Hi
I am pretty new to Avro, and try to write an map-reduce job to read
text format and write to Avro. it is a simple word count I write based
on the example, but the reducer seems not running as I wrote. all the output
is directly from map actually. basically when I check the log, the system.out
in the reducer did not show up even in the log.
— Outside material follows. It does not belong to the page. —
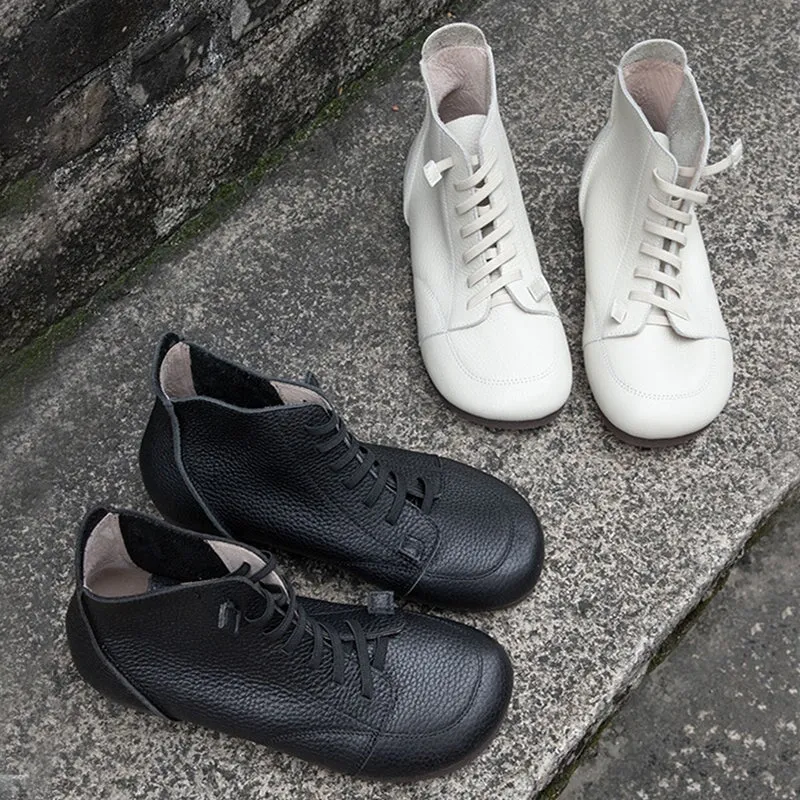 Women Barefoot Ankle Booties Leather Square Toe Flat Lace Up Boots in Brown/Black/Beige Lumber Down Moc Toe Oxfords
here the code, can someone give a help?
import java.io.IOException;
import org.apache.avro.Schema;
import org.apache.avro.util.Utf8;
import org.apache.hadoop.conf.Configuration;
import org.apache.hadoop.conf.Configured;
import org.apache.hadoop.fs.Path;
import org.apache.hadoop.io.LongWritable;
import org.apache.hadoop.io.Text;
import org.apache.hadoop.mapred.FileInputFormat;
import org.apache.hadoop.mapred.FileOutputFormat;
import org.apache.hadoop.mapred.JobClient;
import org.apache.hadoop.mapred.JobConf;
import org.apache.hadoop.mapred.MapReduceBase;
import org.apache.hadoop.mapred.Mapper;
import org.apache.hadoop.mapred.OutputCollector;
import org.apache.hadoop.mapred.Reporter;
import org.apache.hadoop.mapred.TextInputFormat;
import org.apache.hadoop.util.GenericOptionsParser;
import org.apache.hadoop.util.Tool;
import org.apache.hadoop.util.ToolRunner;
import org.apache.avro.mapred.AvroCollector;
import org.apache.avro.mapred.AvroJob;
import org.apache.avro.mapred.AvroKey;
import org.apache.avro.mapred.AvroMapper;
import org.apache.avro.mapred.AvroReducer;
import org.apache.avro.mapred.AvroValue;
import org.apache.avro.mapred.Pair;
public class AvroTest extends Configured implements Tool{
public static class Map extends MapReduceBase implements
Mapper<LongWritable, Text, AvroKey<Utf8>, AvroValue<Long>> {
@Override
public void map(LongWritable key, Text value,
OutputCollector<AvroKey<Utf8>, AvroValue<Long>> output,
Reporter arg3) throws IOException {
// TODO Auto-generated method stub
String valueLine = value.toString();
String[] values = valueLine.split("=");
System.out.println("key is "+values[0].toString()+" value is 1");
output.collect(new AvroKey(new Utf8(values[0])), new AvroValue(
new Long(1)));
}
}
public static class Reduce extends AvroReducer {
public void reduce(Utf8 word, Iterable<Long> counts,
AvroCollector<Pair<Utf8,Long>> output, Reporter reporter) throws IOException {
long sum = 0l;
for (long count:counts) {
sum++;
}
System.out.println("key is "+word.toString()+" value is " +sum);
Pair<Utf8,Long> outputValue = new Pair<Utf8,Long>
(word.toString(),sum);
output.collect(outputValue);
}
}
public int run(String[] args) throws Exception {
Configuration passed_conf = getConf();
JobConf conf = new JobConf(passed_conf,AvroTest.class);
conf.setJobName("Avro Test");
conf.setInputFormat(TextInputFormat.class);
conf.setMapperClass(Map.class);
AvroJob.setOutputSchema(conf, new Pair(new Utf8(""), 0L).getSchema());
AvroJob.setReducerClass(conf, Reduce.class);
FileInputFormat.setInputPaths(conf, new Path(new
String("/user/sam/test_input*")));
FileOutputFormat.setOutputPath(conf, new Path(new
String("/user/sam/avro_output")));
JobClient.runJob(conf);
return 0;
}
public static void main(String[] args) throws Exception {
GenericOptionsParser optParser = new GenericOptionsParser(args);
int exitCode = ToolRunner.run(optParser.getConfiguration(), new
AvroTest(), optParser.getRemainingArgs());
System.exit(exitCode);
}
}
Thank
Sam